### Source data
↓

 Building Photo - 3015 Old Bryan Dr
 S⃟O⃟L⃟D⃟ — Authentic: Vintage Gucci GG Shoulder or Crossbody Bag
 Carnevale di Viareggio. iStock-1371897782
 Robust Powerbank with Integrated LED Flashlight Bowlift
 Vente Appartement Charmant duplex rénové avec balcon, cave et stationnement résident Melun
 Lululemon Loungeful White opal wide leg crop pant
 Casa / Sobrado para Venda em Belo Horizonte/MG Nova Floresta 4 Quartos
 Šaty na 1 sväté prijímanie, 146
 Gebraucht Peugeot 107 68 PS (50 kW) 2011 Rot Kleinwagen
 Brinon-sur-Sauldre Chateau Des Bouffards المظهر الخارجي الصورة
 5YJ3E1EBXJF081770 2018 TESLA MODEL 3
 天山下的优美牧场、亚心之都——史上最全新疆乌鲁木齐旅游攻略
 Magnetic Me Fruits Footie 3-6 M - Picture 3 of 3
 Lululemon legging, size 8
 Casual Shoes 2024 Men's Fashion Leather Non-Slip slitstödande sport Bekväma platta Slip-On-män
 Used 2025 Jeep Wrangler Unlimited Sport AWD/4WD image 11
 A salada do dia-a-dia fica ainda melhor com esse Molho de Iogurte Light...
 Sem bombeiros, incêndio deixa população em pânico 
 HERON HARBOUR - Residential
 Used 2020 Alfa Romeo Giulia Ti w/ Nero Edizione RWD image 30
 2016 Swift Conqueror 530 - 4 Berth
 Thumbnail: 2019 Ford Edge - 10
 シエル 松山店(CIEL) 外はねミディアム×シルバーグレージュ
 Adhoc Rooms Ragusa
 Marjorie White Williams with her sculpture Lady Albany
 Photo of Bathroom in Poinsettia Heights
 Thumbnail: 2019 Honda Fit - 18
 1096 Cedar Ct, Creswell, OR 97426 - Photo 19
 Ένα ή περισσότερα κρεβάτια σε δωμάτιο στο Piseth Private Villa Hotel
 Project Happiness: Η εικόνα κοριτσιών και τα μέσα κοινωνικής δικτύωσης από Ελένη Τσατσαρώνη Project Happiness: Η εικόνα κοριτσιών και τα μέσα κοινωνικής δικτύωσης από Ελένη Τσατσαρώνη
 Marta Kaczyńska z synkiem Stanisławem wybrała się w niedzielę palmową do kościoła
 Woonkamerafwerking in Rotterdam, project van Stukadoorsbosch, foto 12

↑

### WHAT TO WORK ON
Output exactly the line containing "HERON HARBOUR - Residential" together with every line after it, ending at the final line of the entries.

### REPLY TO THE EXERCISE
 HERON HARBOUR - Residential
 Used 2020 Alfa Romeo Giulia Ti w/ Nero Edizione RWD image 30
 2016 Swift Conqueror 530 - 4 Berth
 Thumbnail: 2019 Ford Edge - 10
 シエル 松山店(CIEL) 外はねミディアム×シルバーグレージュ
 Adhoc Rooms Ragusa
 Marjorie White Williams with her sculpture Lady Albany
 Photo of Bathroom in Poinsettia Heights
 Thumbnail: 2019 Honda Fit - 18
 1096 Cedar Ct, Creswell, OR 97426 - Photo 19
 Ένα ή περισσότερα κρεβάτια σε δωμάτιο στο Piseth Private Villa Hotel
 Project Happiness: Η εικόνα κοριτσιών και τα μέσα κοινωνικής δικτύωσης από Ελένη Τσατσαρώνη Project Happiness: Η εικόνα κοριτσιών και τα μέσα κοινωνικής δικτύωσης από Ελένη Τσατσαρώνη
 Marta Kaczyńska z synkiem Stanisławem wybrała się w niedzielę palmową do kościoła
 Woonkamerafwerking in Rotterdam, project van Stukadoorsbosch, foto 12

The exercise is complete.